Published on March 9th, 2018 | by Inspirations with Liz Black

Woman’s History Month – Harriet Tubman Honored by Black Women with 100-Mile trek

Harriet Tubman’s great escapes and numerous comebacks have been reimagined, as the path she set is being fortified by Black women this weekend. Harriet Tubman’s mission of freedom still reverberates in 2018 with GirlTrek, an organization dedicated to the health of Black women and girls. During a 5 day, 100-mile trek that retraces Tubman’s course to freedom, the 10-woman GirlTrek national team have been documenting their journey through social media with the hashtag #HarrietsGreatEscape. The journey began on March 6th along Tubman Byway in Dorchester County Maryland. On their first day, they trekked more than 22 miles.
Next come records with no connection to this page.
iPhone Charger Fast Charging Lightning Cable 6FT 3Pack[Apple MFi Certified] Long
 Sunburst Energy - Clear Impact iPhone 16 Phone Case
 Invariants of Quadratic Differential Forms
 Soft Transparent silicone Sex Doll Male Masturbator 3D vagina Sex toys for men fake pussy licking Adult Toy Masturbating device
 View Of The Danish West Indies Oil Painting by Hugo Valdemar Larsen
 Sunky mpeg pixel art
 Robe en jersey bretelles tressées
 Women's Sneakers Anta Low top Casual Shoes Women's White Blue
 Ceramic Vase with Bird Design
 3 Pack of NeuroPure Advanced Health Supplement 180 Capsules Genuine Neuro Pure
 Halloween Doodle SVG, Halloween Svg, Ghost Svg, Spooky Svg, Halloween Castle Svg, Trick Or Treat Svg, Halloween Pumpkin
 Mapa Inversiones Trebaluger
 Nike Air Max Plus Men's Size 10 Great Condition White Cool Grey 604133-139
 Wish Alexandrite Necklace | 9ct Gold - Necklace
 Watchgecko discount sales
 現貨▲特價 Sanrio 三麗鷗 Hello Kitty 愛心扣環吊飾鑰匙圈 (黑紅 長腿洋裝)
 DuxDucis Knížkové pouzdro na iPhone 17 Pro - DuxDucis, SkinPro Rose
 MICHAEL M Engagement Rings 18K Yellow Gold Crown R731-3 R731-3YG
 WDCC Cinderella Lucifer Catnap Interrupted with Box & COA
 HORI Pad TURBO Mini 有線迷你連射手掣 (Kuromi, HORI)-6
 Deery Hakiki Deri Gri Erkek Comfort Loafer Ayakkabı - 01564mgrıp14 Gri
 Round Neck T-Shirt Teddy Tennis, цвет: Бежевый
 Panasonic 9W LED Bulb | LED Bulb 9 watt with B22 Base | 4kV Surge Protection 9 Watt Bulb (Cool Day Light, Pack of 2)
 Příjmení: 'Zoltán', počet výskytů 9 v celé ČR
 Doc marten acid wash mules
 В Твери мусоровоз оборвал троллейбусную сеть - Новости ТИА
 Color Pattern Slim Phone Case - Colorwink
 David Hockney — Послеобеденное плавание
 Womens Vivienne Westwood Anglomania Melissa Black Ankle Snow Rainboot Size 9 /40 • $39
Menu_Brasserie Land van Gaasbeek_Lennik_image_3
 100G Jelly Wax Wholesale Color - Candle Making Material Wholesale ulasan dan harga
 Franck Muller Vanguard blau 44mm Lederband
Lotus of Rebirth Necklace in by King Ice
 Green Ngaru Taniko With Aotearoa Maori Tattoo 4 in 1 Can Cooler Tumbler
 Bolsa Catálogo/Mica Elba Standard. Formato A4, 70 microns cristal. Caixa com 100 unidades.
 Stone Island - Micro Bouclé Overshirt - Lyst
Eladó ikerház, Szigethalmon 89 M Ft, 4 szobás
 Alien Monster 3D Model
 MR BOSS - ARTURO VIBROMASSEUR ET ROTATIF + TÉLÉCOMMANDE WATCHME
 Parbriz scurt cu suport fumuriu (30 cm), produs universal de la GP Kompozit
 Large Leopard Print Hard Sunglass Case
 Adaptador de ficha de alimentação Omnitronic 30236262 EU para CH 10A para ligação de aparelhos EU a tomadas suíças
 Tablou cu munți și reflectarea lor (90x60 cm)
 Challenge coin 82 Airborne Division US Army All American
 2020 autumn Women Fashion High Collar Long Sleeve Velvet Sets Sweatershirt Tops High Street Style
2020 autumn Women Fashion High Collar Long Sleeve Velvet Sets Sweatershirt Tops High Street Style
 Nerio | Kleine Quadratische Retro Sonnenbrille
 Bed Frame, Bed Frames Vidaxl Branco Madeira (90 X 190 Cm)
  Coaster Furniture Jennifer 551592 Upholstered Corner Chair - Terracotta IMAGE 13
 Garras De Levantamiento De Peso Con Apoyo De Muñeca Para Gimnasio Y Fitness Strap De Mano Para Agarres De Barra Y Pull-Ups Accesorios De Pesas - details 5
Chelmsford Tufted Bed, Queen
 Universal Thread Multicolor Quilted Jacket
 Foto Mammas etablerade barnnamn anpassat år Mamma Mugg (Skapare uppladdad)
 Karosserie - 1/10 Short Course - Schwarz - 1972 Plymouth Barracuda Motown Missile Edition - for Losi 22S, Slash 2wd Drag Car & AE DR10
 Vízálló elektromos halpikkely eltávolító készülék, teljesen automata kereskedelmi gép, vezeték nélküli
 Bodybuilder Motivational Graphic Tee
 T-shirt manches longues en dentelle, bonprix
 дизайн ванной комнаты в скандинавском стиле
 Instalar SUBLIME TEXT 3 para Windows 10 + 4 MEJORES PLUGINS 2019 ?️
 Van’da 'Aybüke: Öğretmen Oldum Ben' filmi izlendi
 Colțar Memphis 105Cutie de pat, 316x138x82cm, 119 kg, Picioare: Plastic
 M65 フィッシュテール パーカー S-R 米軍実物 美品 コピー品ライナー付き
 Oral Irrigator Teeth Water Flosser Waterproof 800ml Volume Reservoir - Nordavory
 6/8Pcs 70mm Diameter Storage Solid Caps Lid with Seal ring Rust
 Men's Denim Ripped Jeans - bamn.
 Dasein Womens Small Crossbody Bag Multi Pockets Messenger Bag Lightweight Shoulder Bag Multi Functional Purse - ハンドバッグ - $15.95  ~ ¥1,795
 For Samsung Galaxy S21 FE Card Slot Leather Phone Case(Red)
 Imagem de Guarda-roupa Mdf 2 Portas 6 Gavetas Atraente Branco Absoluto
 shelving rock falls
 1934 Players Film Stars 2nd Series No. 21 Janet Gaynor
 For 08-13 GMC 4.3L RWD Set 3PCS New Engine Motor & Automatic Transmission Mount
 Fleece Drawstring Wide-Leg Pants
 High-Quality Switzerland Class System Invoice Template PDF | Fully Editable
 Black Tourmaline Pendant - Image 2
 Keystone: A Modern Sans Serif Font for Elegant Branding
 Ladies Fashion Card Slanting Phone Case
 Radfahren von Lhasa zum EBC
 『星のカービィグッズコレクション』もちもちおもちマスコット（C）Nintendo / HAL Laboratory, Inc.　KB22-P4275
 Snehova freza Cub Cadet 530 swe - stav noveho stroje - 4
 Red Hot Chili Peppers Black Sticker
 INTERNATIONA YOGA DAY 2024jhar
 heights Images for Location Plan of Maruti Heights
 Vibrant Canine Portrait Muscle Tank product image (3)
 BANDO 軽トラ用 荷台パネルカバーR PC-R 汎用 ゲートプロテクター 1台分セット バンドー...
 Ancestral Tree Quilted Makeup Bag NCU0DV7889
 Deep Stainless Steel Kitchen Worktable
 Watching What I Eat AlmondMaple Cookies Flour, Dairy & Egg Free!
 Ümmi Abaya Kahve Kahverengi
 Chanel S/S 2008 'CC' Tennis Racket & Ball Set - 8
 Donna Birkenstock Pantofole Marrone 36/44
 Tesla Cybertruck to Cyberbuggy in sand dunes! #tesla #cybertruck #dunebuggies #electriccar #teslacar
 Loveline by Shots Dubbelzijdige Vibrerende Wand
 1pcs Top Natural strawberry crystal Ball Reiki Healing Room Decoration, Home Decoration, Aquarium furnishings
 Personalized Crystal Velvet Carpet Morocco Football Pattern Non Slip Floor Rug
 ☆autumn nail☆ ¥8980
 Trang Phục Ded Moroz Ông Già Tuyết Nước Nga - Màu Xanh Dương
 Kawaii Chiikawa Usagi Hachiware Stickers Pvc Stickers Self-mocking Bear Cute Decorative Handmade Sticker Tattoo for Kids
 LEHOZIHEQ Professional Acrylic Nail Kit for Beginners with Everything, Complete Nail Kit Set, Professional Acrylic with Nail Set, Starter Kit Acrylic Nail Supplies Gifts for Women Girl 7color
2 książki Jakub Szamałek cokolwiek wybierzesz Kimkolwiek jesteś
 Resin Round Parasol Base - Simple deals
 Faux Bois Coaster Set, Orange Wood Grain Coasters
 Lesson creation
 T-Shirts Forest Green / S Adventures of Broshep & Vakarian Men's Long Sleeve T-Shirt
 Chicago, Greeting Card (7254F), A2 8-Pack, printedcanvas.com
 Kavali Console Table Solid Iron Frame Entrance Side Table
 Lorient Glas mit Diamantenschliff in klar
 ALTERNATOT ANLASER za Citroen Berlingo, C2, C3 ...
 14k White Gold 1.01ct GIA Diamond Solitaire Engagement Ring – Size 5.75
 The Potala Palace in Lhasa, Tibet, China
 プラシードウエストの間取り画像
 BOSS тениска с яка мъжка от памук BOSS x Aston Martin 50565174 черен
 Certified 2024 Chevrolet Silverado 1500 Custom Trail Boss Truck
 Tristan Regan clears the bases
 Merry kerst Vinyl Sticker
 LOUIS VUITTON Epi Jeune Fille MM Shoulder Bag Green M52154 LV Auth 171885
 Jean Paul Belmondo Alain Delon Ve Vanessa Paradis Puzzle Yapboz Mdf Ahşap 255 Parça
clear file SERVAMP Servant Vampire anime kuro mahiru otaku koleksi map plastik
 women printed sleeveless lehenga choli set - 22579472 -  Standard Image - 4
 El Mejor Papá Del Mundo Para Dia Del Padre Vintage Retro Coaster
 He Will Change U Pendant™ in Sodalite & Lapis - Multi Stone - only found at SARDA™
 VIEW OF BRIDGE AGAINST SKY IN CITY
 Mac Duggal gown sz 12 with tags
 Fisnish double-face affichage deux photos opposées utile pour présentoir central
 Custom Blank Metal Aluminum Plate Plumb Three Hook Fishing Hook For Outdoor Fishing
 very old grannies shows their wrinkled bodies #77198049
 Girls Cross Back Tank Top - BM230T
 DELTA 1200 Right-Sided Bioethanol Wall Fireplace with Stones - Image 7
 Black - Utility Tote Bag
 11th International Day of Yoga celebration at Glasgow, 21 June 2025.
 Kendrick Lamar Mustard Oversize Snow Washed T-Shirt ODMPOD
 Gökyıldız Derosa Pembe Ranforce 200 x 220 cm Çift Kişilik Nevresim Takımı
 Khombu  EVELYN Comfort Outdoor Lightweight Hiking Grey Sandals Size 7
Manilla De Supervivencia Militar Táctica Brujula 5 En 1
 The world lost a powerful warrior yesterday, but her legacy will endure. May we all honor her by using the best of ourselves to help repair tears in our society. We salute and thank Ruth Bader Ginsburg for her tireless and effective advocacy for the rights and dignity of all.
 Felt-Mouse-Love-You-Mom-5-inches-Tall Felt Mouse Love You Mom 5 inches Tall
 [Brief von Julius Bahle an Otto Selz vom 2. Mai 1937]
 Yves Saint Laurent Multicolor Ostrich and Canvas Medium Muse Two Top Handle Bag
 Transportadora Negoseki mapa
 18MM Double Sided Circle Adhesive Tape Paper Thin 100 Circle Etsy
Founded in 2010 by friends and co-founders T. Morris Dixon and Vanessa Garrison, the group advocates and provides a space for Black women and girls to engage in a simple, yet radical act of healing – walking. In March of 1990, Congress designated March 10th as “Harriet Tubman Day” and although it was not widely celebrated, Dixon and Garrison sought to change that. Across the U.S. each spring, branches of the organization engage in a 10 week walking campaign which has had dynamic effects on both the women and the communities they walk in. With a goal of walking for 30 minutes per session, the results have been a spiritual, physical and social transformation. Along the way they have found a lack of greenspaces and abandoned building to which the group has both advocated for via local governments and purchased.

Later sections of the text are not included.